5 area shipwrecks may get protected status

The S.S. Milwaukee car ferry sank on Oct. 22, 1929. All on board died


By Meg Jones - Journal Sentinel

At 8:30 p.m. on Oct. 22, 1929, as the S.S. Milwaukee car ferry was caught in a ferocious gale, the ship's purser wrote this note and tucked it into a watertight case: The ship is taking on water fast.

We have turned around and headed for Milwaukee. Pumps are working but the sea gate is bent and won't keep water out. (Crew compartment) is flooded. Seas are tremendous. Things look bad. 

By the time the note was found, the ship's purser and the rest of his shipmates were already dead. A few members of the crew - some accounts say 52 died on the S.S. Milwaukee, others say it was 47 - managed to escape the 338-foot-long car ferry before it plunged to the bottom of Lake Michigan, along with its cargo of rail cars carrying bathtubs, automobiles, lumber, barley, canned peas and salt.

Four crew members fled in one of the lifeboats but it wasn't a refuge, only another vessel of death. Their bodies were found in the lifeboat four days after the ferry foundered.

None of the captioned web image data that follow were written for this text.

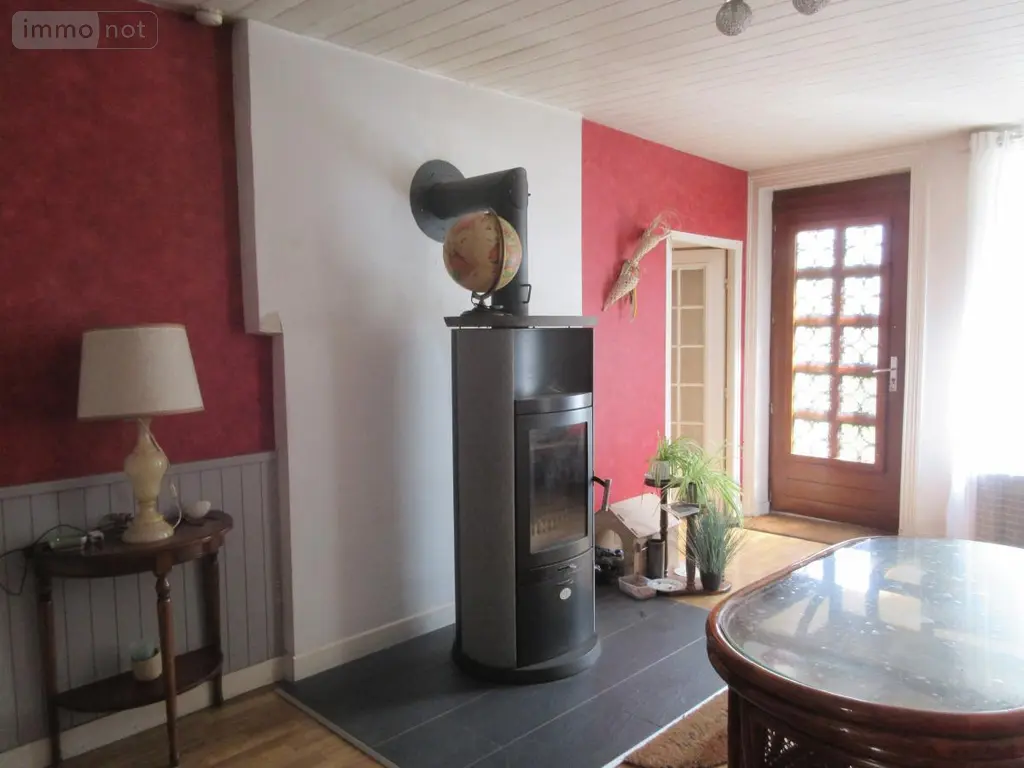 Maison a vendre Moréac 56500 Morbihan 56 145 m2 4 pièces 234540 euros 56077-960 005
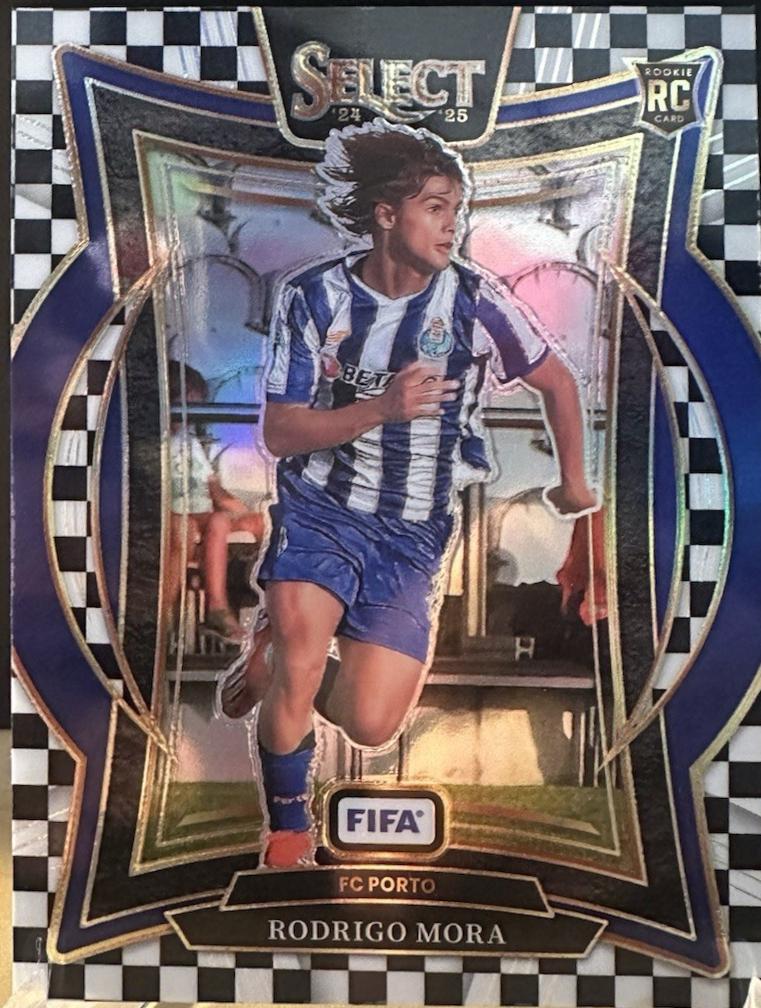 Rodrigo Mora - Select FIFA #50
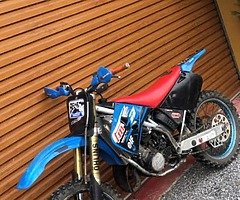 Tm 125 2007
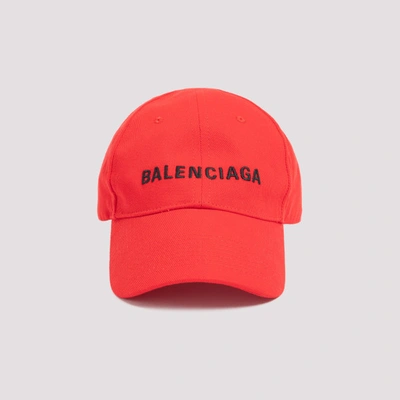 Shop Balenciaga Balenciag In Red/black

Now a popular wreck for scuba divers, the car ferry sits in 90 to 120 feet of water three miles northeast of Atwater Beach. For non-divers, though, it's hard to picture just what the wreck looks like or its historical significance in a time when railroads often moved rail cars by water to avoid crowded rail yards.

Soon, though, the S.S. Milwaukee will be more accessible, not just to divers but to those who won't need a tank of compressed air to see the shipwreck.

Starting next summer archaeologists will survey and document the S.S. Milwaukee and four other Lake Michigan shipwrecks in Wisconsin waters through a federal grant awarded this month to the Wisconsin Historical Society.

Chosen because they represent a cross section of historically significant vessels, the shipwrecks are near Milwaukee, Manitowoc, Kewaunee and Sturgeon Bay.

"Part of what we were looking for were five shipwrecks that are already popular with people," said Jim Draeger, deputy state historic preservation officer. "They're all ones that are pretty intact and have good archaeological potential."

The $170,000 grant from the Federal Highway Administration Transportation Enhancement program will pay for digital photo mosaics, sketches and measurements, photos, site plans and historic research.

Digital photo mosaics illustrate the wreck as it now looks by piecing together hundreds of photos taken by scuba divers. Divers will measure and sketch the wreck, said Draeger.